Their third-round pick is an intriguing playmaker: Former Ohio State quarterback Braxton Miller was the 85th overall selection after converting to receiver this season following sitting out a year with a shoulder injury.
He was the two-time Big Ten offensive player of the year in 2012 and 2013 after throwing for more than 2,000 yards and rushing for more than 1,000 in both of those seasons. He finished fifth in the Heisman Trophy voting in 2012 when he ran for a career-high 1,271 yards and was responsible for 28 touchdowns.
He couldn't throw more than 45 yards after his shoulder injury so he requested a move to receiver. In 13 games he had 26 receptions for 341 yards and three touchdowns and ran 42 times for 281 yards and another score.
O'Brien said they had a long conversation on Friday night after drafting Miller about the importance of not overwhelming him early.
''We have a plan for Braxton,'' he said. ''You can't throw everything at these guys right away because you have to give them a chance to learn and to be able to play fast. To be able to play the game at a good pace, the way they played the game in college.''
In the fourth round they added depth at running back, making San Jose State's Tyler Ervin the 119th pick. Ervin ran for 1,601 yards with 13 touchdowns last season after rushing for 888 yards and four scores in 2014. He's also a threat out of the backfield after grabbing 74 receptions for 640 yards combined in the last two years.
Ervin, who also saw limited action at cornerback, could find a place in Houston's return game after finishing his college career with 2,374 return yards and three touchdowns. He left San Jose State as the school's career leader in all-purpose yards with 6,146 yards.
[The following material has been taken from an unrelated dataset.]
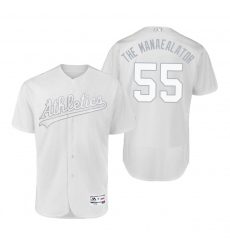 Oakland Athletics Sean Manaea The Manaealator White 2019 Players Weekend MLB Jersey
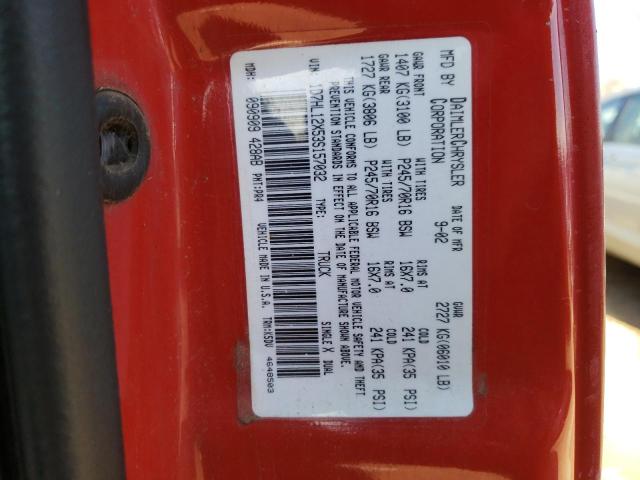 1D7HL12X53S157032 Dodge Dakota Sxt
''He's a dynamic football player,'' general manager Rick Smith said. ''Those stats are impressive ... he is a tough, durable football player. I think with his skillset and his versatility there are a lot of things we can do with the young man.''
The Texans have placed a premium on speed in this draft. Ervin ran a 4.41 40-yard dash, to become the third player they've drafted this season to run a 4.5 or faster. Miller, who was a two-time Big Ten player of the year at quarterback, was clocked at 4.5 in the 40.
''Some of it is just how the board falls so we were fortunate to be in multiple positions where we had guys we really liked at the corresponding values,'' Smith said. ''We were able to take those guys and they spoke to (our) intent ... (of) trying to get faster. It was something that we were trying to add to our football team.''
Houston finally looked to the other side of the ball in the fifth round when they chose West Virginia safety K.J. Dillon with the 159th pick and Clemson nose tackle D.J. Reader at 166.
The Texans did not have any picks in the sixth or seventh rounds after trading them away to move up to get Fuller and Martin and because of past moves.